Asymmetric Crypto Engine

Introduction

The Asymmetric Crypto Engine (PKE) is a dedicated hardware acceleration unit within the SoC for handling public-key cryptographic operations. Compared with software implementations, the hardware acceleration engine can significantly improve the execution efficiency of asymmetric cryptographic algorithms while protecting key security through a physical isolation mechanism, playing an important role in IoT security systems.

Application Background

In IoT device security scenarios, asymmetric cryptographic algorithms are widely used in critical security processes such as digital signatures, key exchange, and identity authentication. However, such algorithms involve a large number of complex mathematical operations (e.g., large-number modular exponentiation and elliptic curve point multiplication). If implemented entirely in software, they consume significant CPU resources with low execution efficiency. The Asymmetric Crypto Engine implements these core operations through dedicated hardware circuits, greatly improving operation speed while ensuring security.

Working Principle

The Asymmetric Crypto Engine connects to the CPU through the APB bus and internally contains dedicated computation units and storage units. When the application layer needs to perform an asymmetric cryptographic operation, the CPU writes the operation parameters into the engine’s registers and memory area, configures the control register to start the operation, and the engine hardware automatically completes the core cryptographic operation and returns the result. The entire process is transparent to the upper-layer application, and the user can complete the operation through APIs.

Security Features

The Asymmetric Crypto Engine fully considers security protection requirements in its architecture design:

  • Physical isolation: The engine’s internal storage unit is isolated from the system bus, preventing keys from being stolen by bus sniffing attacks.
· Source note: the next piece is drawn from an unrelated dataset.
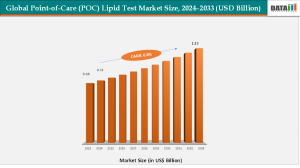 Point-of-Care (POC) Lipid Test Market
  • OTP key support: Supports pre-burning private keys into the OTP (One Time Programmable) region. The OTP key is directly connected to the engine and cannot be read or tampered with externally.

  • Side-channel attack protection: Some chip models support DPA (Differential Power Analysis), SPA (Simple Power Analysis), and Timing Attack protection.

  • TrustZone support: Some chip models support ARM TrustZone technology and can automatically identify the CPU’s secure/non-secure access state.

Advantages

Compared with a pure software implementation, the Asymmetric Crypto Engine offers the following advantages:

  • High performance: Hardware acceleration significantly shortens operation time and reduces CPU usage.

  • Low power consumption: Dedicated hardware circuits consume less power than running software algorithms on a general-purpose CPU.

  • High security: The physical isolation mechanism and OTP key storage effectively prevent key leakage.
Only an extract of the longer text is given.